Aim of the exercise: What is needed is a word-for-word copy of the lines below from the one with "Dengarkan Jake Hays, tonton" through the one with "1253 7th AVE S, South Saint Paul, MN 55075", both included, with every picture left out.

Extracted records:
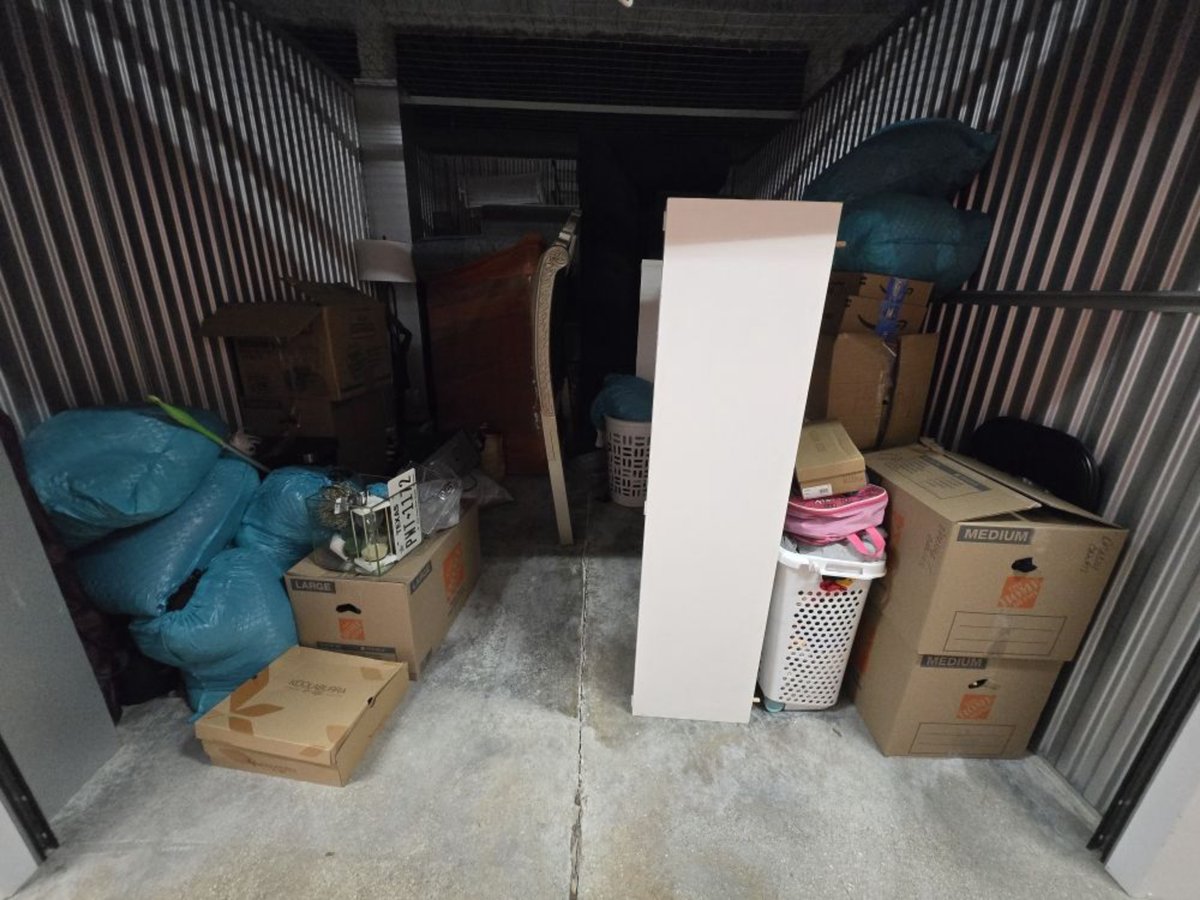10 x 15 storage unit in Hollywood, FL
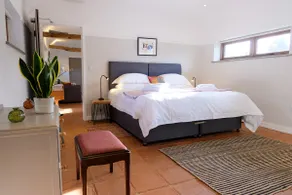Charming Farm Suite - Image 2
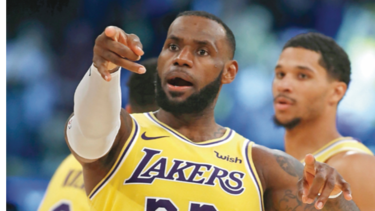 Lakers mejora, Boston hunde a los Thunder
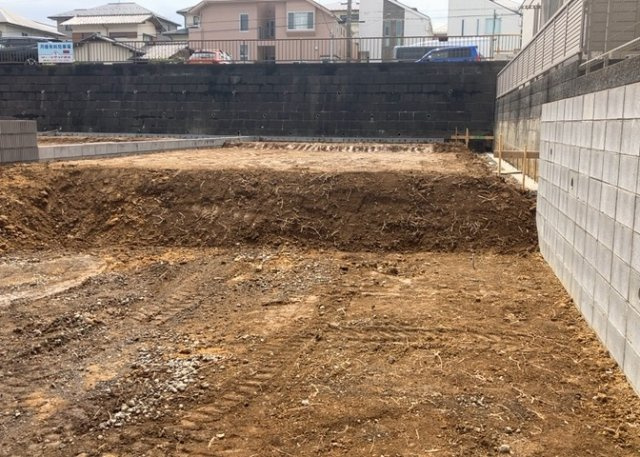 玄関は、狭すぎると複数人で使いにくく、広すぎても無駄な空間になりがちです。最低2畳を目安にして、家の広さとの兼ね合いや家族の人数を考慮して決めるとよいでしょう。現地を見学して快適な玄関を選びましょう！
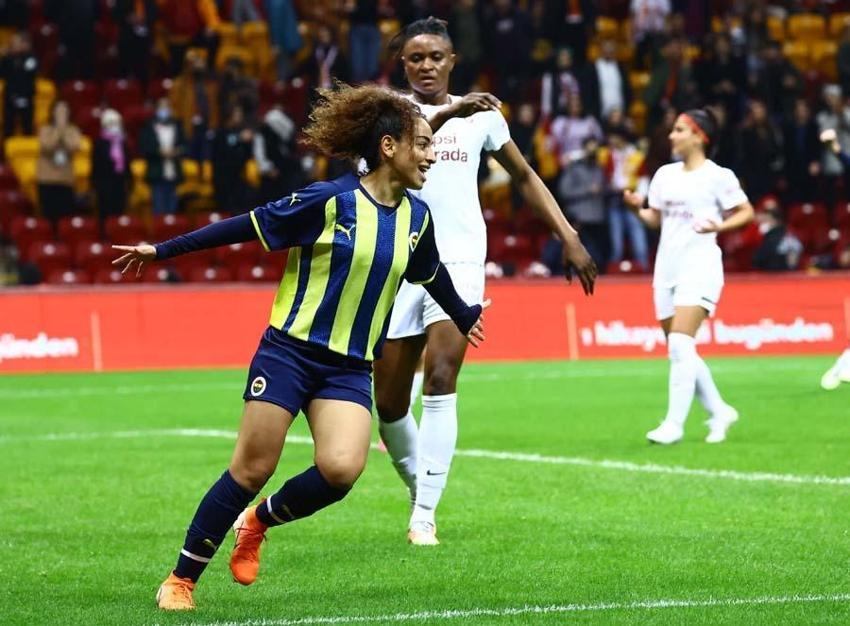 Fenerbahçe - Galatasaray derbisinde 7-0'lık skorun yankıları sürüyor! Dostluk maçında 7 atılır mı?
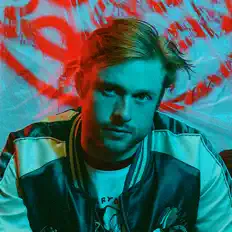 Dengarkan Jake Hays, tonton video musik, baca bio, lihat tanggal tur & lainnya!
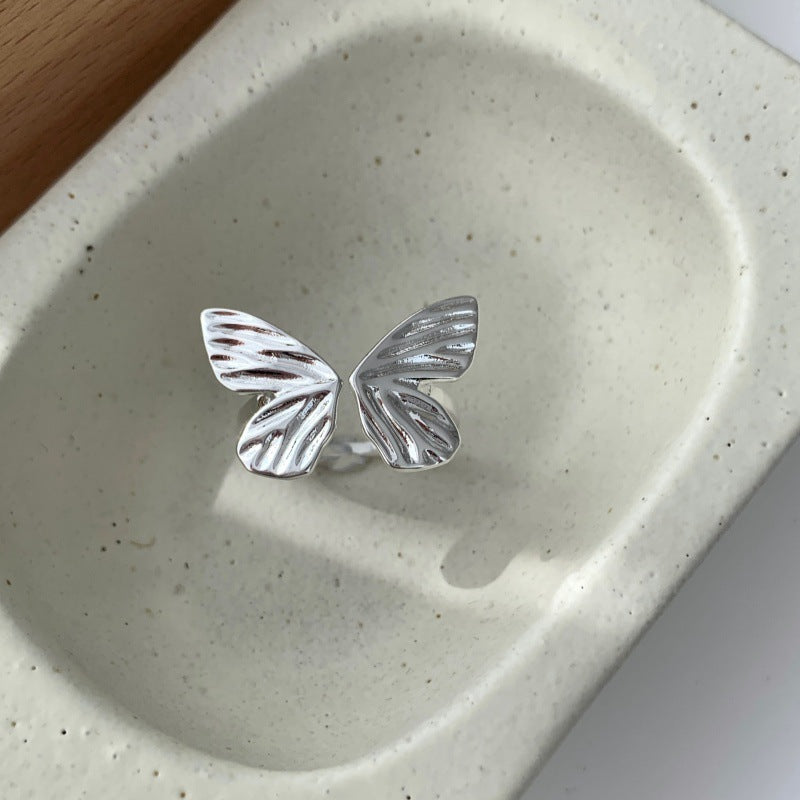Minimalist Sweet Cool Butterfly Ring For Women, Smart Forest Style, INS Niche High-End Design Vera Lux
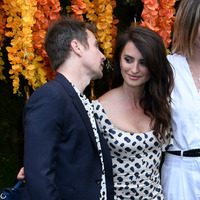 Penelope Cruz Sweatshirt #3280592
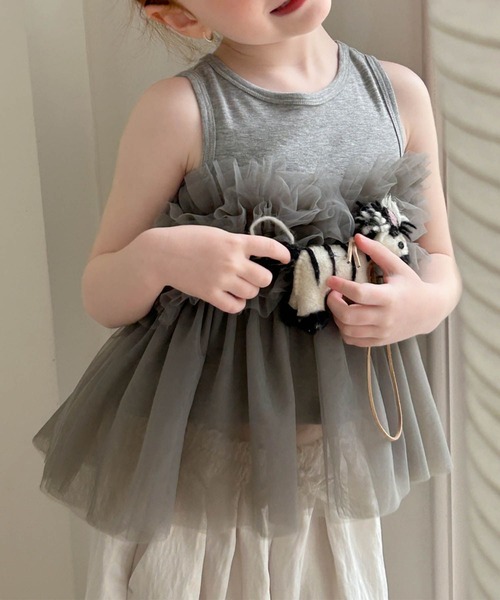aimoha（アイモハ）の「【aimoha-KIDS-】チュールフリル付きノースリーブカットソー (SS)（Tシャツ/カットソー・キッズ・ピンク/グレー・90/100/110/120/130/140/150）」の2枚目の写真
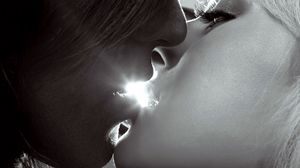 Превью обои поцелуй, девушка, парень, лицо, дыхание, губы, контур, профиль, очертания, свет, любовь, слияние, чувства, чб, кадр
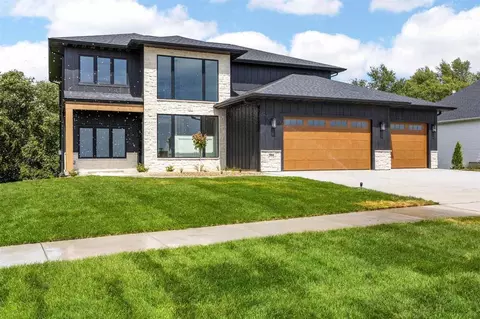 504 Whitetail Ln, Tiffin, IA 52340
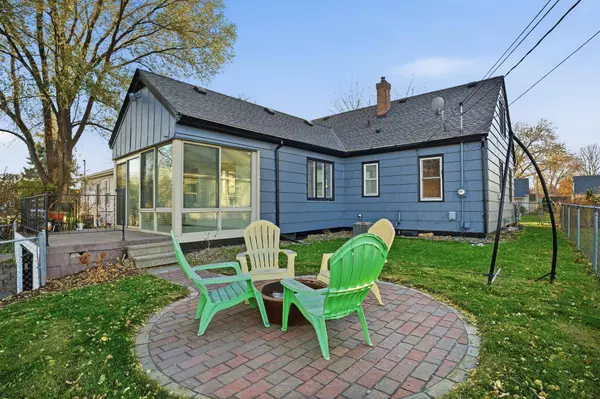 1253 7th AVE S, South Saint Paul, MN 55075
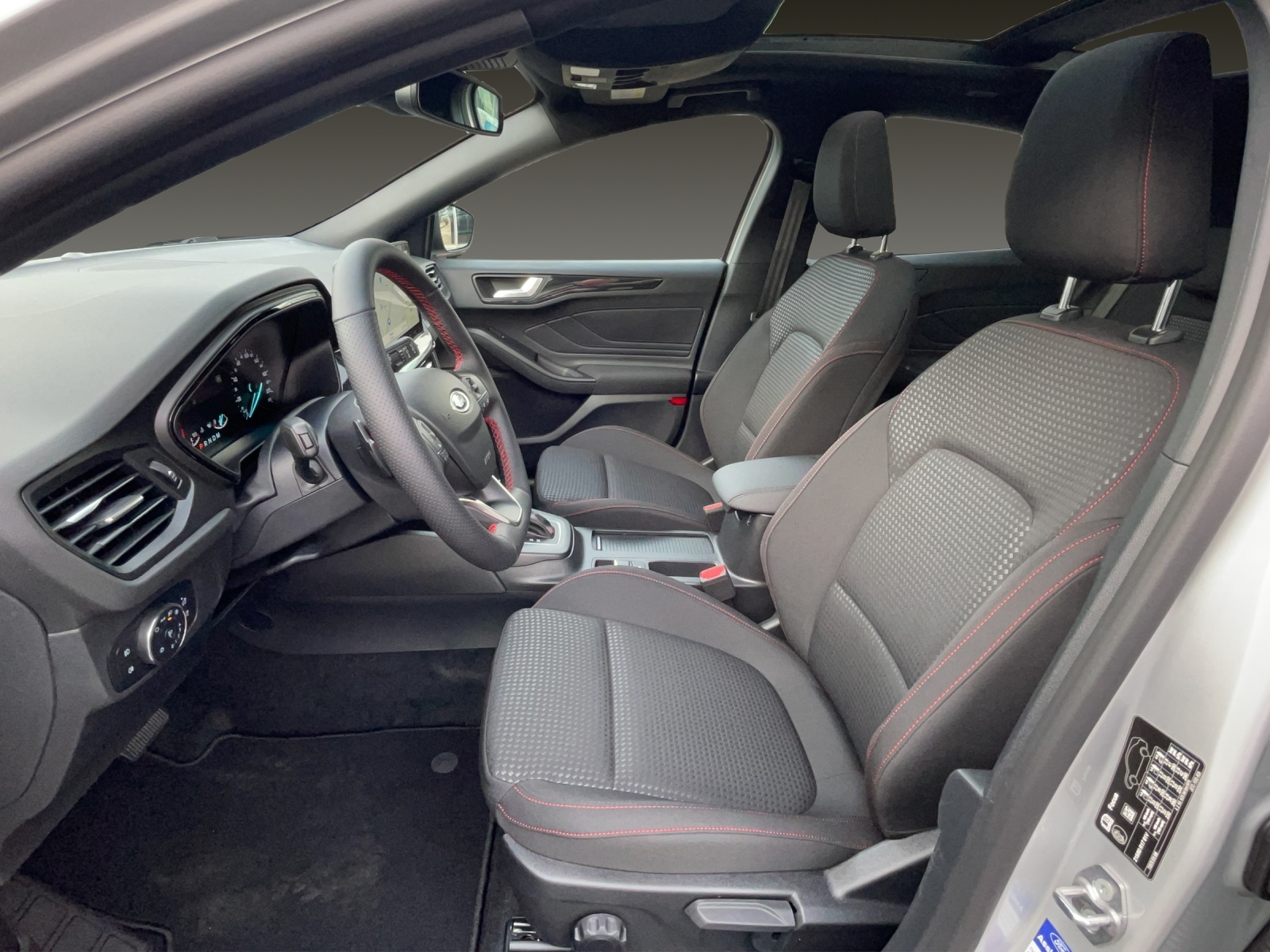 FORD Focus 1.0i EcoB Hybrid 125 ST-Line-image-5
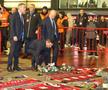 Denis Law, comemorat de fanii Manchester United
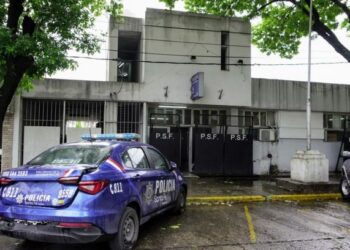 Fuga masiva en Rosario: se escaparon 16 presos de una comisaría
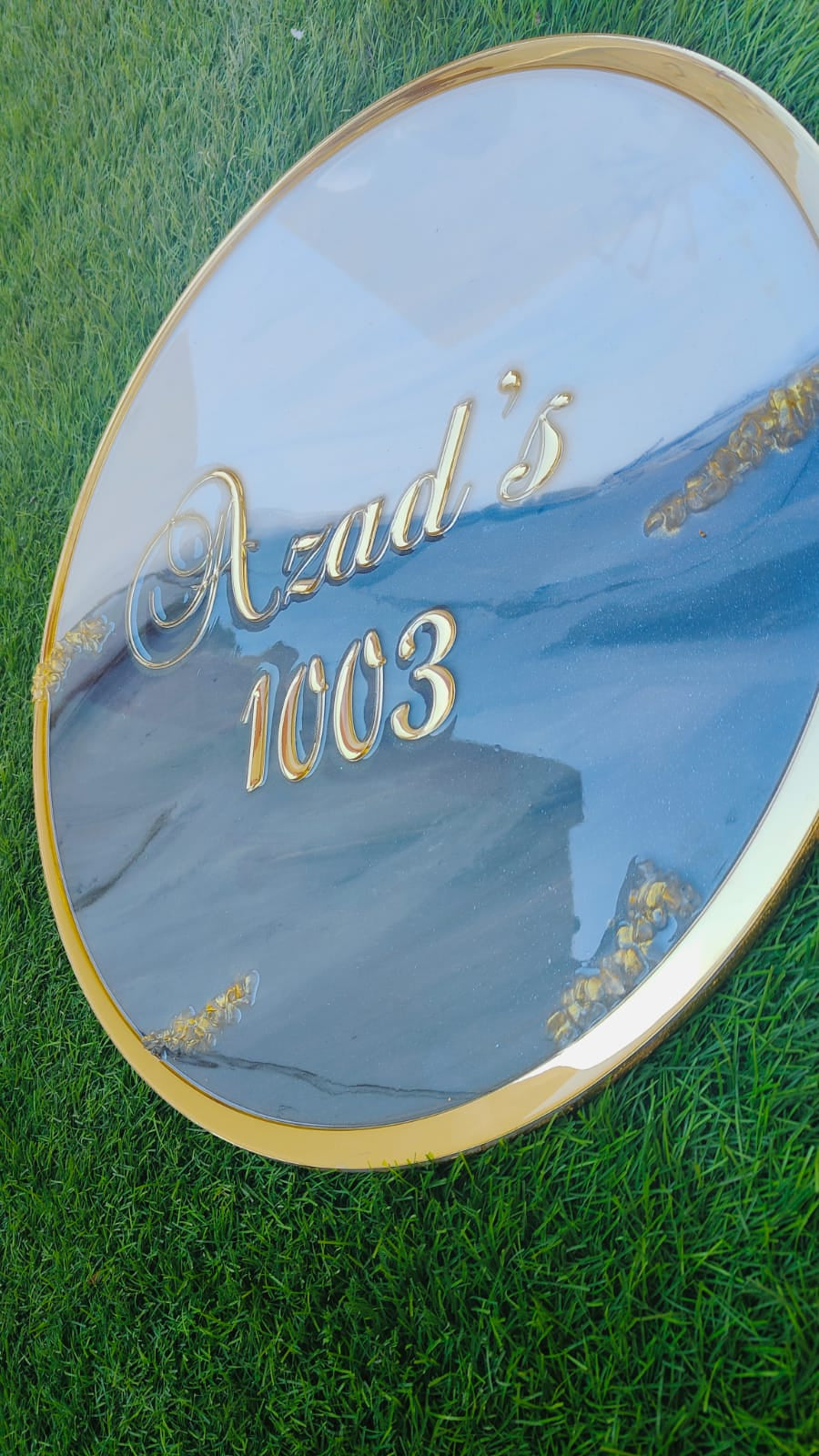 Dual Shade Personalized Round Nameplate
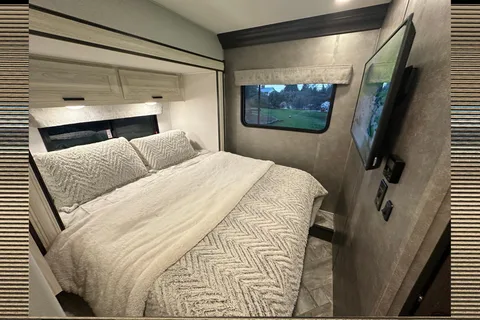 Clean and Comfortable 2023 Forest River Sunseeker LE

Reply:
 Dengarkan Jake Hays, tonton video musik, baca bio, lihat tanggal tur & lainnya!
Minimalist Sweet Cool Butterfly Ring For Women, Smart Forest Style, INS Niche High-End Design Vera Lux
 Penelope Cruz Sweatshirt #3280592
aimoha（アイモハ）の「【aimoha-KIDS-】チュールフリル付きノースリーブカットソー (SS)（Tシャツ/カットソー・キッズ・ピンク/グレー・90/100/110/120/130/140/150）」の2枚目の写真
 Превью обои поцелуй, девушка, парень, лицо, дыхание, губы, контур, профиль, очертания, свет, любовь, слияние, чувства, чб, кадр
 504 Whitetail Ln, Tiffin, IA 52340
 1253 7th AVE S, South Saint Paul, MN 55075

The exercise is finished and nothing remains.